§ **Given records**:
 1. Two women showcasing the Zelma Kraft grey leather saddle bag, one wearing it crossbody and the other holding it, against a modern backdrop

==

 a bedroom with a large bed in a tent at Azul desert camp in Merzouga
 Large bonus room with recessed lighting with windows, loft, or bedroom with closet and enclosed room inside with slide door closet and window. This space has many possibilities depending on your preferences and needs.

---

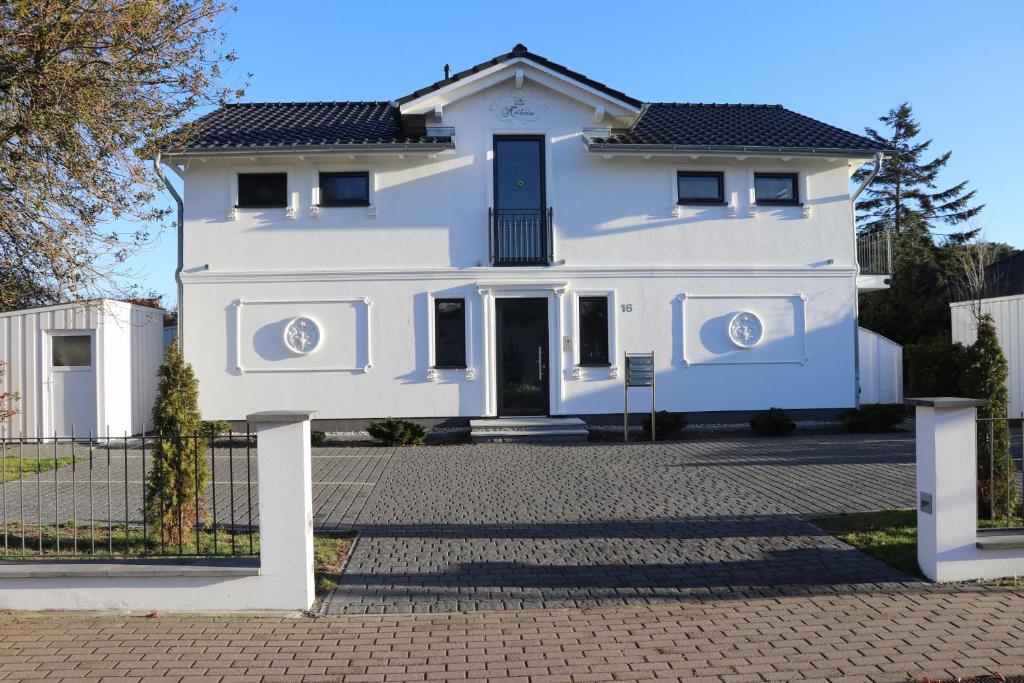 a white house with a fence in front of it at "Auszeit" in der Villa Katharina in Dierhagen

§ **What is required**: The lines of the records that contain the string "bedroom" should be located and copied.

§ **Expected output**:
 a bedroom with a large bed in a tent at Azul desert camp in Merzouga
 Large bonus room with recessed lighting with windows, loft, or bedroom with closet and enclosed room inside with slide door closet and window. This space has many possibilities depending on your preferences and needs.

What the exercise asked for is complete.